-- Data under study follows --

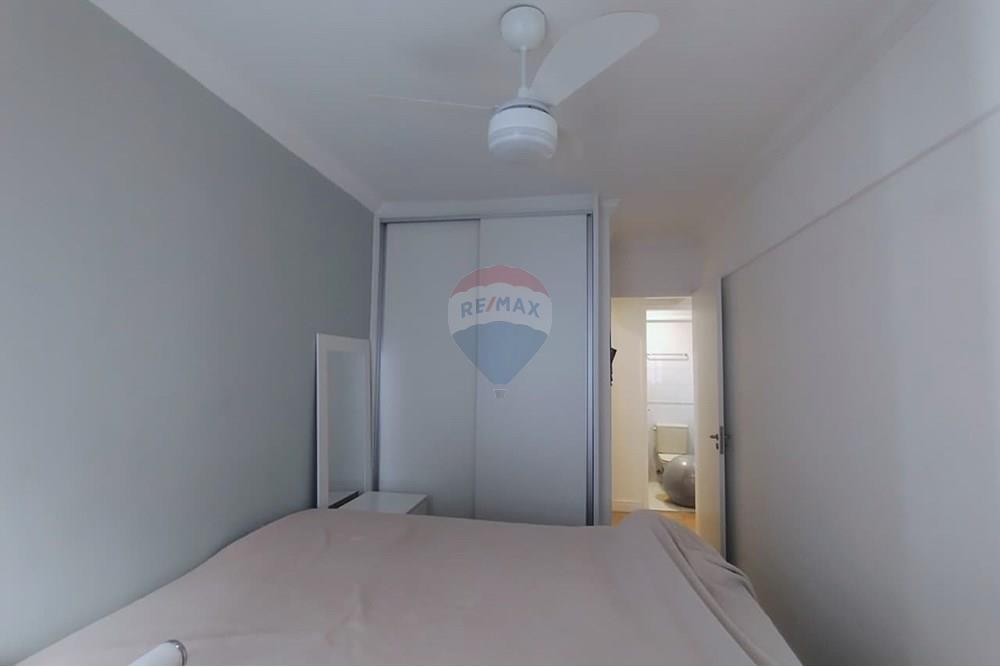 Apartamento - Venda - Guarulhos , São Paulo - WhatsApp Image 2025-09-16 at 17.14.54.jpeg - 630251078-162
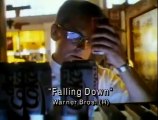 Falling Down - Ein ganz normaler Tag Trailer OV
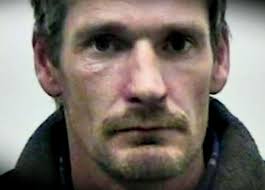 Monster with many names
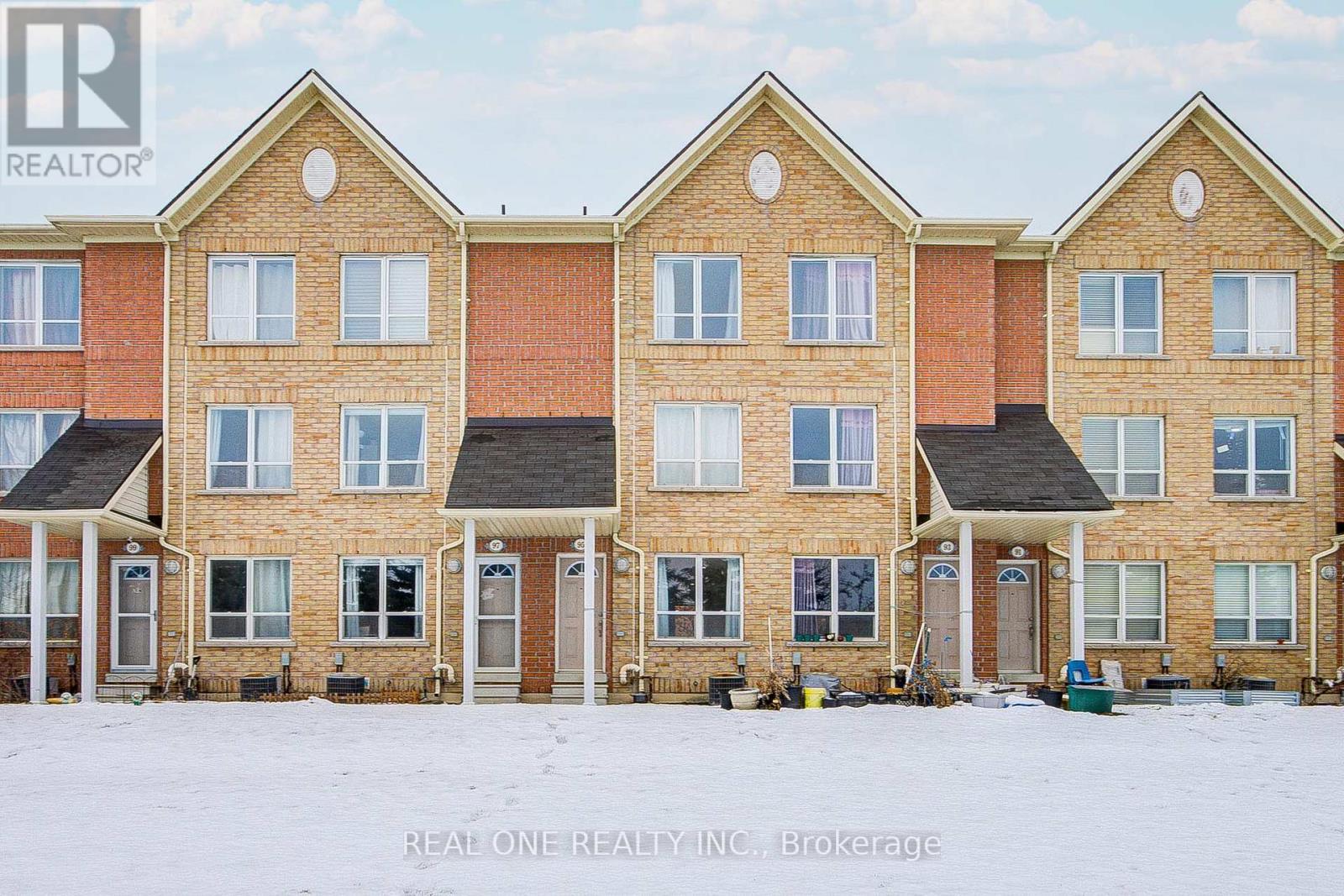 95 Faithful Way, Markham, Ontario  L3R 1A1 - Photo 28 - N12642108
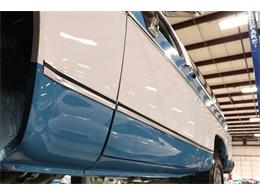 1976 GMC Jimmy (CC-1110196) for sale in Kentwood, Michigan
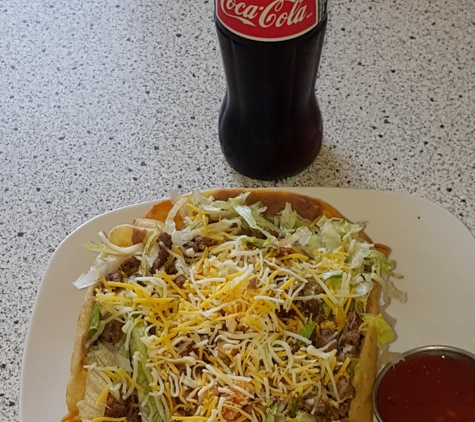 Malecon Grill and Cantina - Grants Pass, OR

-- Data under study concluded --

#### [Your task]
What is needed is an exact copy of all the records, minus any pictures.

#### [Response below]
 Apartamento - Venda - Guarulhos , São Paulo - WhatsApp Image 2025-09-16 at 17.14.54.jpeg - 630251078-162
 Falling Down - Ein ganz normaler Tag Trailer OV
 Monster with many names
 95 Faithful Way, Markham, Ontario  L3R 1A1 - Photo 28 - N12642108
 1976 GMC Jimmy (CC-1110196) for sale in Kentwood, Michigan
 Malecon Grill and Cantina - Grants Pass, OR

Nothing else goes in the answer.